═══ THE INPUT

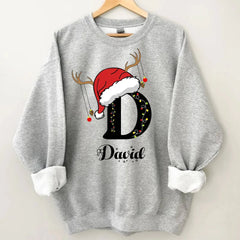 Christmas Themed Family Customized Apparel - Personalized Name and Christmas Style Monogrammed Sweatshirt - Christmas Gift For Family,Friend - OLESA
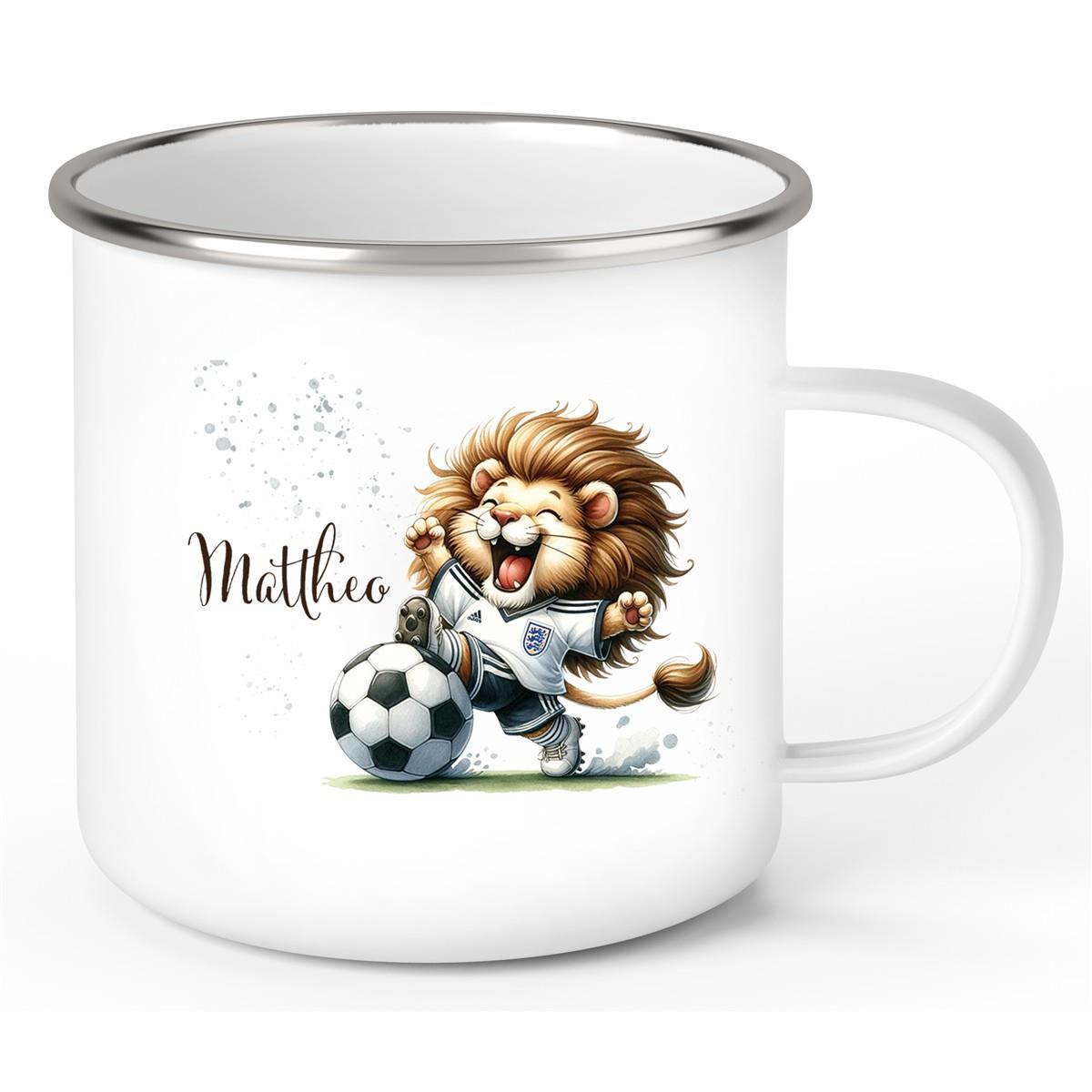 Tasse Fußball 9 Wunschname Emaille Kinderbecher personalisiert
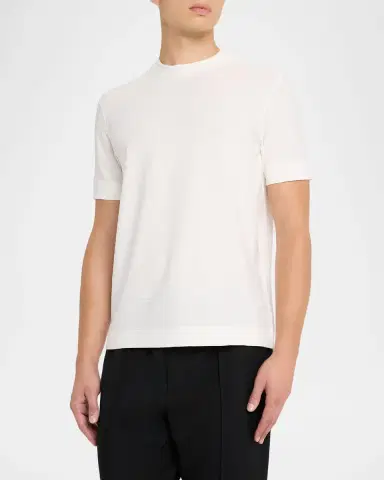 Emporio Armani Men's Tonal Basketweave Crewneck T-Shirt | Thumbnail 4 Emporio Armani Men's Tonal Basketweave Crewneck T-Shirt | Thumbnail 4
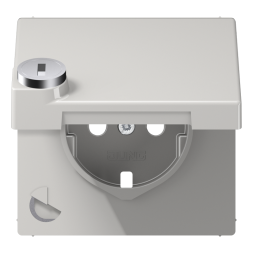 Jung LS1520KLSLPLLG central plate for SCHUKO® sockets, hinged cover, with safety lock, Duroplast, LS series, light grey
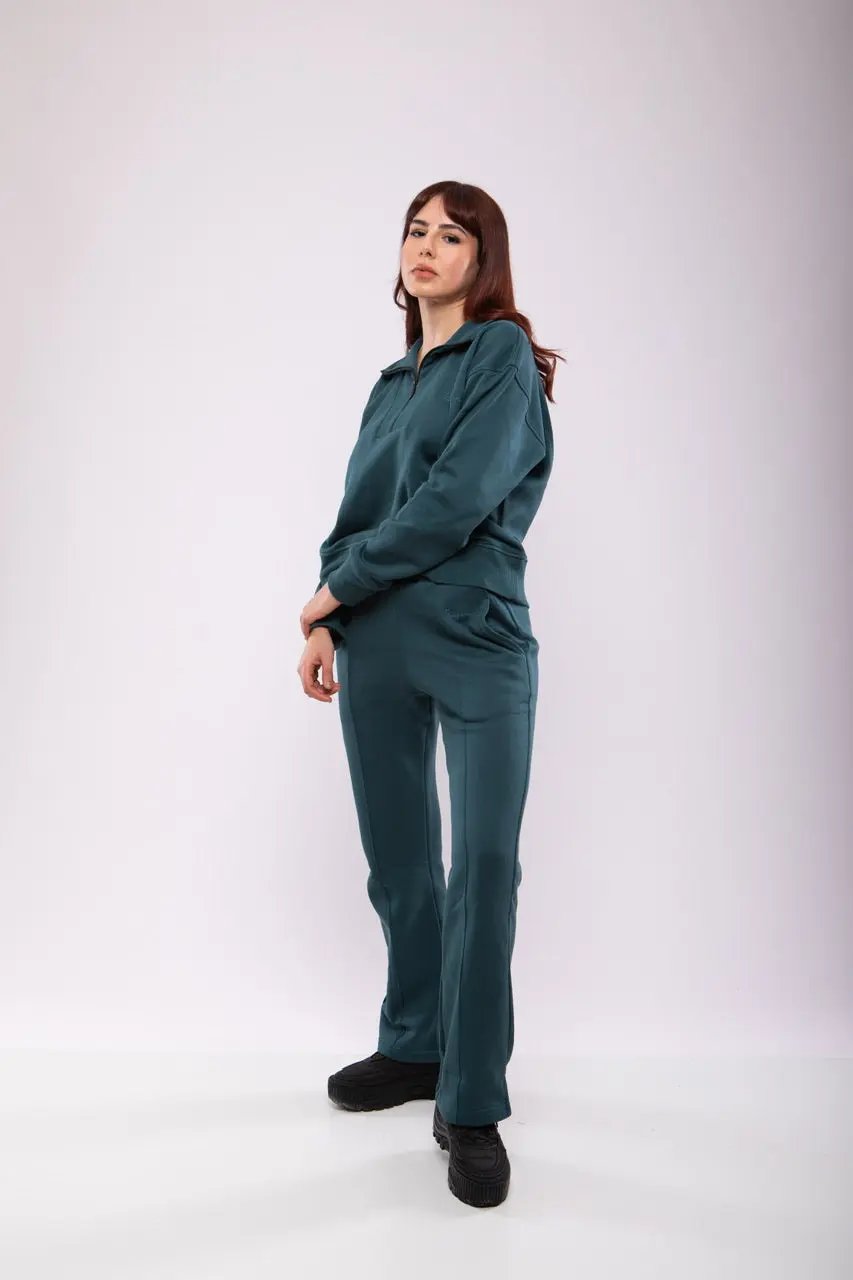 Ensemble Sweat-shirt Zippé & Pantalon Flare Jogging Femme Billiorich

══════

[WHAT YOU NEED TO DO]:
An exact reproduction of the data above is required, with every picture removed.

[EXERCISE RESULT]:
 Christmas Themed Family Customized Apparel - Personalized Name and Christmas Style Monogrammed Sweatshirt - Christmas Gift For Family,Friend - OLESA
 Tasse Fußball 9 Wunschname Emaille Kinderbecher personalisiert
 Emporio Armani Men's Tonal Basketweave Crewneck T-Shirt | Thumbnail 4 Emporio Armani Men's Tonal Basketweave Crewneck T-Shirt | Thumbnail 4
 Jung LS1520KLSLPLLG central plate for SCHUKO® sockets, hinged cover, with safety lock, Duroplast, LS series, light grey
 Ensemble Sweat-shirt Zippé & Pantalon Flare Jogging Femme Billiorich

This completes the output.